O Visconde de Sabugosa nasce em
1921, no livro Narizinho Arrebitado, edição escolar. Fruto de uma brincadeira
de Narizinho e Pedrinho, que queriam casar a boneca Emília com o Marquês de
Rabicó. Pedrinho faz um boneco a partir de um sabugo de milho, para fingir ser
pai do leitãozinho, pretendente à mão da boneca de pano.
Esse heróico personagem lobatiano
nasceu em meio aos livros e morava num vão de armário na sala de jantar do
Sítio do Pica Pau Amarelo. As paredes da casa eram formadas por dois
grossos volumes do Dicionário Morais.
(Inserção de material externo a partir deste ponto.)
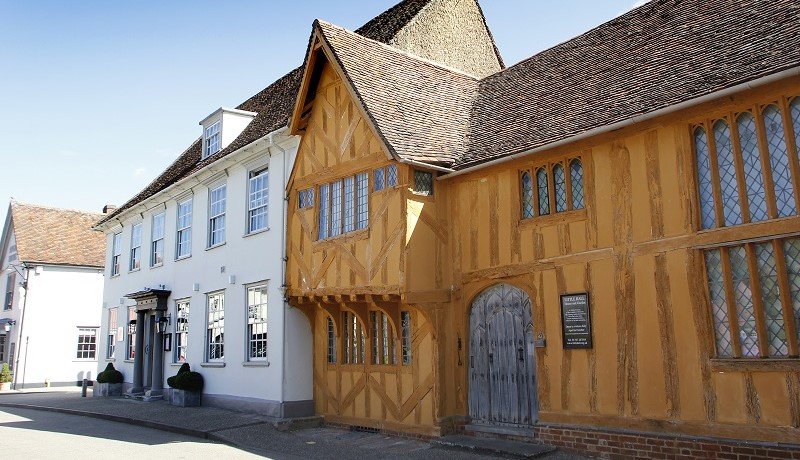 DeVere House Lavenham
A obra “O Banquete 2”, “escrito por um
tal Platão que viveu antigamente na Grécia e devia ter sido um guloso”, era a
mesa do sabugo de milho. A “Enciclopédia do Riso e da Galhofa”, um “livro muito
antigo e danado para dar sono” que Lobato lera na juventude, tornou-se a
cama do Visconde. Os demais “móveis”, ou seja, cadeiras, estantes e armários,
eram formados por livros de capa de couro, herdados de um tio de Dona Benta.
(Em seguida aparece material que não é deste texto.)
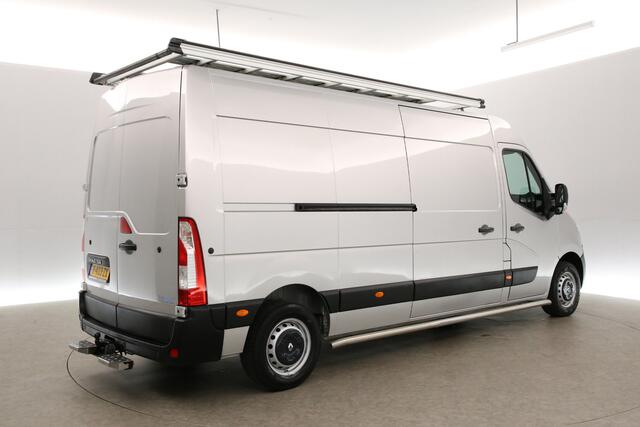 Renault MASTER T35 2.3 dCi L3H2 146PK Airco Cruise Navigatie PDC 3 Persoons Imperiaal Trekhaak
O sabugo só mudou de casa depois
que voltou do Reino das Águas Claras e passou uma semana inteira atrás da
estante, ficou embolorado e como soltava um pó verde, começou a dormir numa
lata, como revela o autor na quarta história de Reinações de Narizinho.
Antes mesmo de se tornar um
personagem com diversas facetas, o Visconde era considerado um fidalgo muito
distinto, viúvo e sua mãe, Dona Palha de Milho, faleceu num “horrível
desastre”, comida pela vaca mocha. Logo no começo em que ganha vida, ele ainda
tinha o tamanho de um sabugo de milho, mas tomou uma pitada de fermento e ficou
do tamanho de uma pessoa normal.
Como Narizinho o embrulhou num
velho fascículo das Aventuras de Sherlock Holmes, em Reinações de Narizinho,
parece que isso influenciou o sábio de tal maneira que ele foi o responsável
por descobrir não só a verdadeira identidade do suposto Gato Félix, mas também
quem roubava a sombra de tia Nastácia em Peter Pan! O sabugo “andava deduzindo”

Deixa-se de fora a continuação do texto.